İNSANLIĞI BEKLEYEN BÜYÜK TEHLİKE İKİM DEĞİŞİKLİĞİ
Birleşmiş Milletlerin çevre konusunda gerçekleştirdiği ilk önemli konferansın 1972 yılında toplandığını söyleyen Tanburoğlu konuşmasını şu şekilde sürdürdü: “O tarihten bu yana konferansın başlama tarihi olan 5 Haziran “Dünya Çevre Günü” olarak kutlanıyor. Nüfus artışı, değişen tüketim alışkanlıkları, kentleşme, kâr odaklı denetimden yoksun üretim ve sayısız etken sürdürülebilir gelişme, dengeli kalkınmanın önünde engel oluştururken beraberinde yer küremizi tehdit eden çevre sorunlarını da insanlığın gündemine taşıyor. İklim değişikliği, çölleşme, önlenemeyen kirlilik, insanlığın bugünü ve geleceğini tehdit eden en önemli sorun olarak karşımızda duruyor. Ülkemizde iklim değişikliği ile mücadele alanında ciddi bir çalışma yapılmamaktadır. Paris’teki 21. Taraflar Konferansında 195 ülkenin oybirliği ile 2015 tarihinde kabul edilen Paris Anlaşması, küresel iklim değişikliği ile mücadelede dönüm noktası olarak görülmektedir.
HER BEŞ ÇOCUKTAN BİRİ SU KITLIĞI TEHDİDİ ALTINDA
UNICEF’in yayınladığı bir analize göre dünya genelinde 450 milyonu çocuk olmak üzere yaklaşık 1,5 milyar insanın su kıtlığı tehdidi altında yaşadığını ortaya koyuyor. Bu her 5 çocuktan 1’inin günlük ihtiyaçlarını karşılayacak suya erişemediği anlamına gelir. Dünya genelinde her yıl 25 milyar ton verimli toprak erozyon sonucu yok oluyor, sadece 2023 yılında 12 milyon orman alanını çıkan yangınlarda yitirdik. Dünyada 2,7 milyar insan çölleşme tehdidi altında. 2050’de bu sayının dört milyara ulaşması bekleniyor. Çevre konusunda öne çıkan başlıklardan biri de plastik atıklar. Yapılan araştırmalar 1950-2023 yılları arasında dünya genelinde toplam 8 milyon 300 bin metrik ton plastik atık üretildiğini ortaya koyuyor.
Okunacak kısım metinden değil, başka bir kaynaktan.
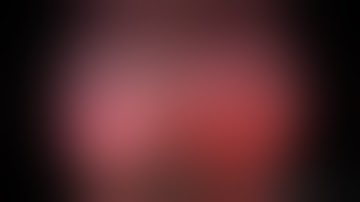 Subxiphoid vats right lower lobectomy for pulmonary sequestration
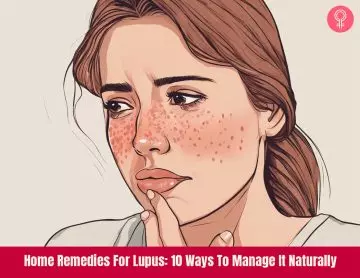 natural remedies for lupus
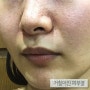 피부면역력 저하피부 특징 : 피부면역 높이는 방법 공유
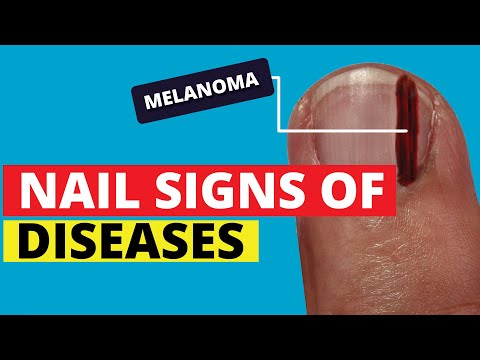 Video: Toenail-melanom Eller Svamp: Diagnose, årsager Og Behandling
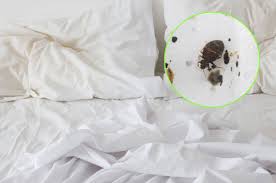 Bettwanzen Im Hotel Erkennen Und Bekampfen Wichtige Tipps Travelbook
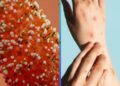 Confirman la primer muerte por Mpox en Jalisco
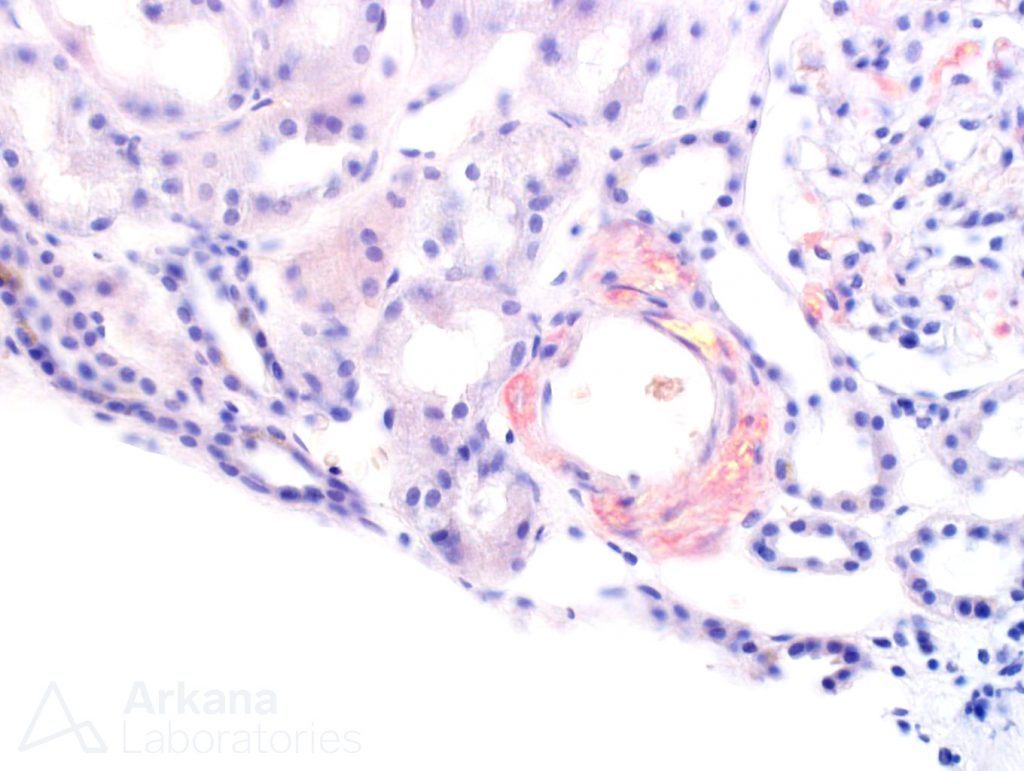 renal pathology stain at arkana laboratories 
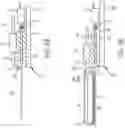 Fig. 05 - Medical fluid container preparation system and assembly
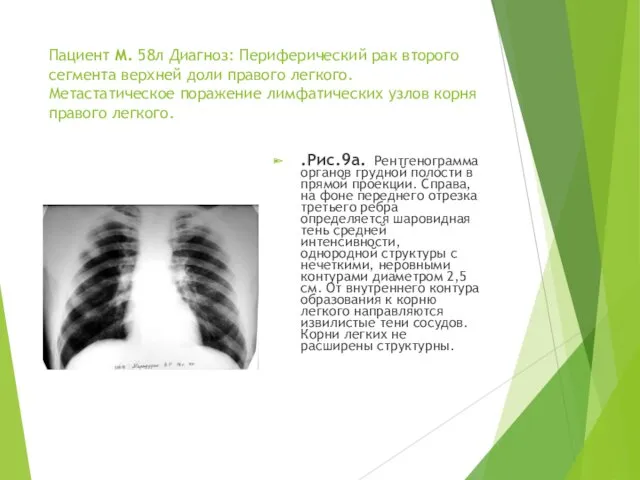 Пациент М. 58л Диагноз: Периферический рак второго сегмента верхней доли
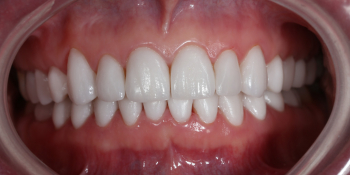 Реконструкция зубов керамическими винирами фото после лечения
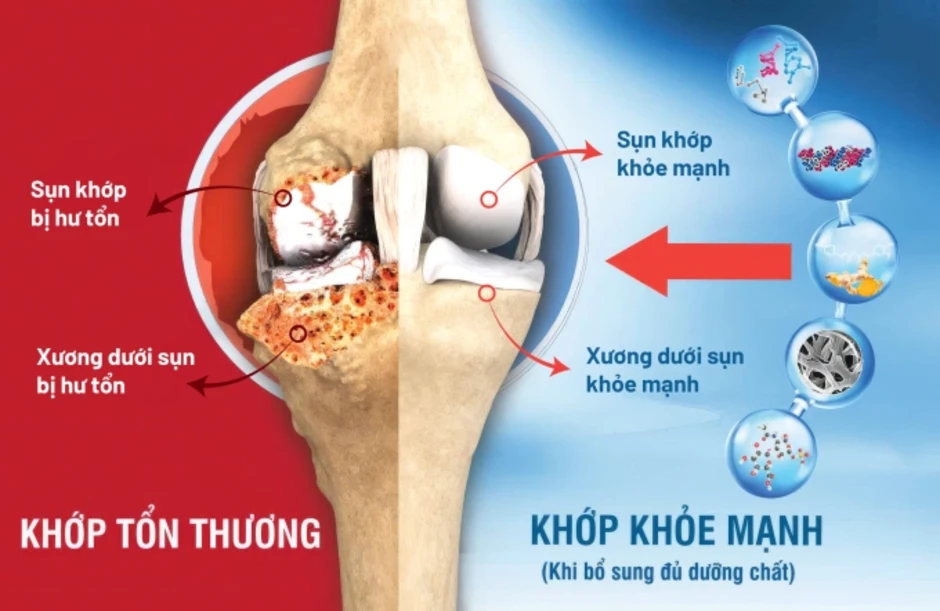 Cách giảm đau khớp ở người lớn tuổi - Báo TinVina Cách giảm đau khớp ở người lớn tuổi - Báo TinVina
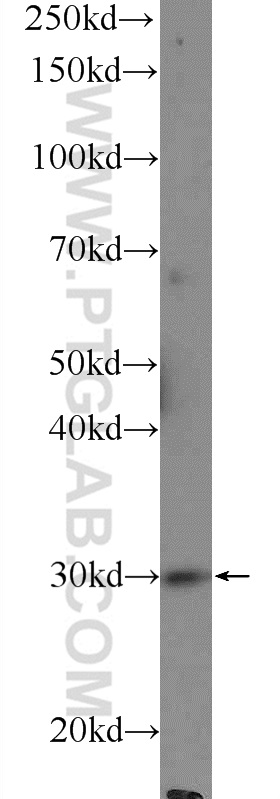 25616-1-AP;mouse heart tissue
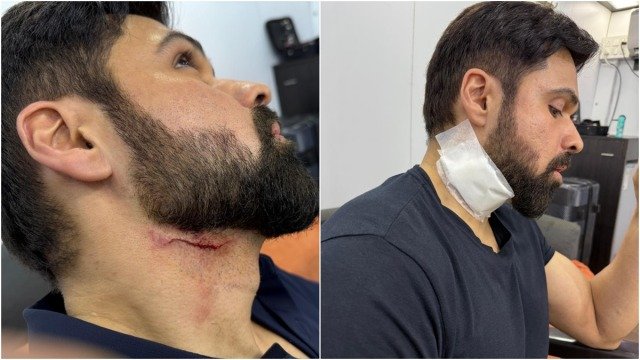 Emraan Hashmi injured during shooting, photo goes viral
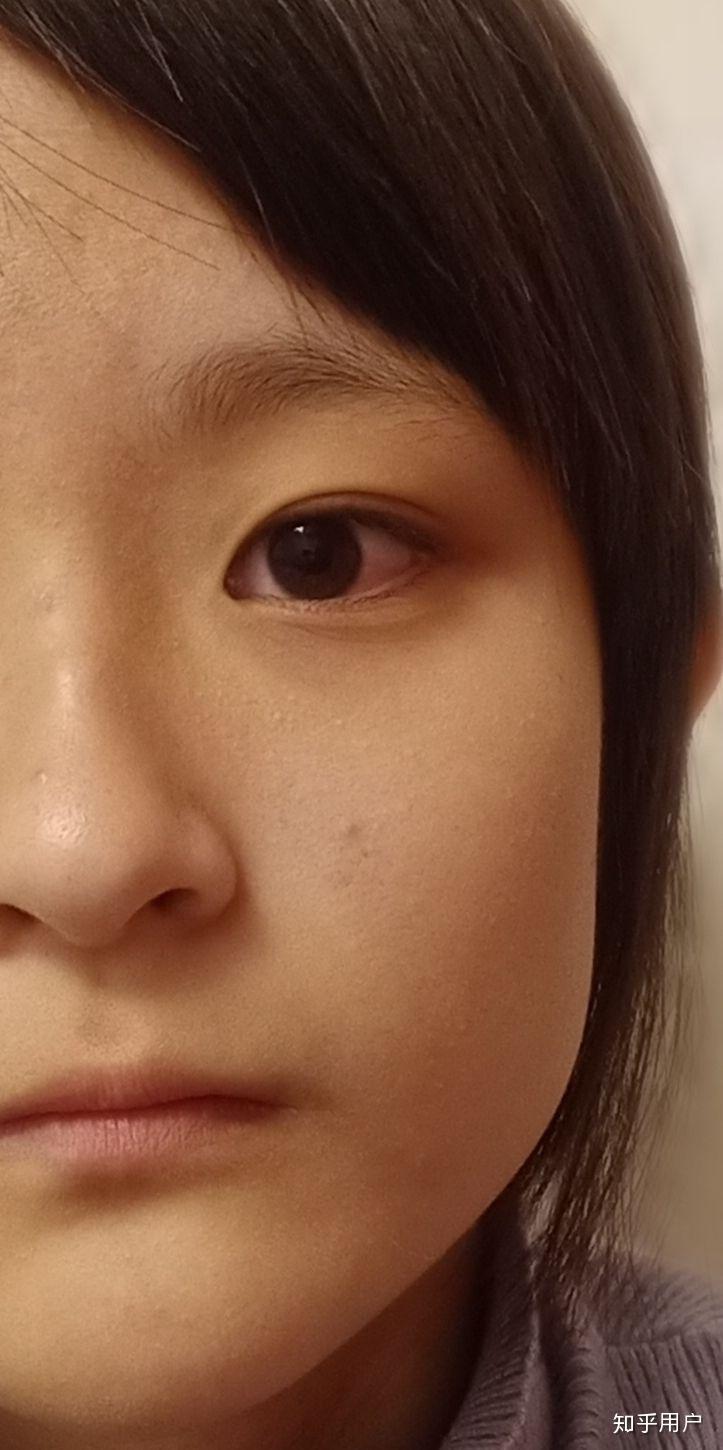 眼睛一单一双是什么体验? - 知乎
Küresel önlemler alınmadığı takdirde 2040 yılına gelindiğinde deniz ve karalarda kirlilik yaratan plastik atık miktarı 1 milyar 300 milyon tona ulaşacak, adeta plastik atıklardan oluşan yeni bir kıta yaratılacak. Rastgele attığımız plastik poşetin doğada bin yıl sonra tamamen yok olduğu düşünürsek nasıl bir tehlike ile karşı karşıya olunduğumuzu görürüz. Bu kirlenme nedeniyle dünyadaki oksijenin yüzde 70’ini üreten okyanuslar plastik atık tehdidi altındadır. Her alanda hızla yoksullaşan, birikimlerimizi hızla tüketen Türkiye, AKP’nin 22 yıllık iktidarında yanlış çevre politikalarına ve ranta teslim edildi. Gün geçmiyor ki ülkenin farklı bir bölgesinden çevre felaketine ilişkin bir feryat yükselmesin. İnsanlar, ağacına, deresine, doğasına, geleceğine sahip çıkmak için direniyor, iktidar ise bu isyana sadece kulaklarını tıkıyor, gözlerini kapatıyor. Her alanda olduğu gibi çevre politikaları konusunda da yeni bir bakışa ve sorunları çözecek etkin politikalara ihtiyaç vardır. CHP iktidarında biriken sorunları hep birlikte çözeceğiz. Daha yaşanabilir bir çevrede, güzel günler göreceğiz.”